Much of the book is familiar ground for many readers, but is still interesting particularly as it’s driven by the people involved with the past and future of Mars exploration. It profiles people like Donna Shirley, Michael Malin, and Adam Steltzner, among others, following their careers (Malin, for example, secured invitations to the launch of Apollo 11 and was in mission control for its landing, even though he was just a college student) as well as the missions and the scientific interest in the search for life. That human focus helps overcome the occasional error: Mars Observer launched on a Titan III, not a Titan IV, and NASA’s Langley Research Center is in Hampton, Virginia, rather than sharing Langley, Virginia, with CIA headquarters.

“The discovery of life on Mars will be a defining moment in this century,” they write. Note the certainty: “will be,” not “might be” or “could be.”

The authors of The Search for Life on Mars tend to be optimists in that search, favorably presenting past research that appeared to find evidence of life. Gil Levin and his Labeled Release experiment on the Viking landers get a sympathetic treatment, despite the fact that few other scientists today see that experiment’s findings as conclusive evidence of life on Mars. Another chapter recounts the saga of Martian meteorite ALH84001, which scientists said in 1996 showed evidence of past, primitive life. “Indeed, the jury is still out,” they write, even though the longstanding scientific consensus is that the features seen in ALH84001 can be explained by non-biological mechanisms. The jury is not still out; rather, it’s long been out of the courthouse.

That optimism extends to the book’s conclusion. “The discovery of life on Mars will be a defining moment in this century,” they write.

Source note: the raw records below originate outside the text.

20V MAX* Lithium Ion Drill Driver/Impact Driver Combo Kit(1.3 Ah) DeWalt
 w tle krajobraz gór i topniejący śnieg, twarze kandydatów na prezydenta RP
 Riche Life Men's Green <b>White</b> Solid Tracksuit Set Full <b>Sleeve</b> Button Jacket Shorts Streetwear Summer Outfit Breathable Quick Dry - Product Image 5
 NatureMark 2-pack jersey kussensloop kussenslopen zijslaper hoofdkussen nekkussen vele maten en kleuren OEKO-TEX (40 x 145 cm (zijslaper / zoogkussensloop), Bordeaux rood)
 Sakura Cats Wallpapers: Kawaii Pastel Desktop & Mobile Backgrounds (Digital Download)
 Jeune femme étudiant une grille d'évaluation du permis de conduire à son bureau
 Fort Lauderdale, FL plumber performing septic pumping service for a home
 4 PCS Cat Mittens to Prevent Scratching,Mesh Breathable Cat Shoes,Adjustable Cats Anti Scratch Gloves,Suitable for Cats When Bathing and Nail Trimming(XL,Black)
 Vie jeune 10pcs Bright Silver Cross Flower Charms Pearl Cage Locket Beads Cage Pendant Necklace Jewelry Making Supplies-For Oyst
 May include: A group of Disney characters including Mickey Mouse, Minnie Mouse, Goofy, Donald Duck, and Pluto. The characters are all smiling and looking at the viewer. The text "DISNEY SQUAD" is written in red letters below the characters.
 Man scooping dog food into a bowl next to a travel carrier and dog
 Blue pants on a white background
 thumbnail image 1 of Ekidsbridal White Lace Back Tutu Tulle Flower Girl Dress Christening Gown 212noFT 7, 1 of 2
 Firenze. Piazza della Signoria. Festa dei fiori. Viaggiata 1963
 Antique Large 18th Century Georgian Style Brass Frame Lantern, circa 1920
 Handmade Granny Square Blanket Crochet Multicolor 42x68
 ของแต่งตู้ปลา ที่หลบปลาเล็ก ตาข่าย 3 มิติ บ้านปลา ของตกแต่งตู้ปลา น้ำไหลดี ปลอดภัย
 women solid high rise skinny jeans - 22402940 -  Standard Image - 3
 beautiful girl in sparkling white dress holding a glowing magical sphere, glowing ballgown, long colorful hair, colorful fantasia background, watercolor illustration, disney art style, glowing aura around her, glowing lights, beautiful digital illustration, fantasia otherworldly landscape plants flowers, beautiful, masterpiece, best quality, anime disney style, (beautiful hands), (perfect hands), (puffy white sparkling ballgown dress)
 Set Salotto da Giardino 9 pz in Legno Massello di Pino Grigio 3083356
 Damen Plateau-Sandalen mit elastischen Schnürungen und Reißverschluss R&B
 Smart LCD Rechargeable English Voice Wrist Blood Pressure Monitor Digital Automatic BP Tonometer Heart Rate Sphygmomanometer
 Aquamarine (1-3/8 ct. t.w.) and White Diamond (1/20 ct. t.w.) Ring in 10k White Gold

Note the certainty: “will be,” not “might be” or “could be.” If the last several decades have taught us anything about the search for life on Mars, it’s how difficult it can be, with missteps, false alarms, and setbacks, such as those described in this book. Perhaps Perseverance and its sample return successors, or ExoMars, or future human missions, will one day uncover incontrovertible evidence of past or present life. But as the history of Mars exploration has amply demonstrated, that is no sure thing.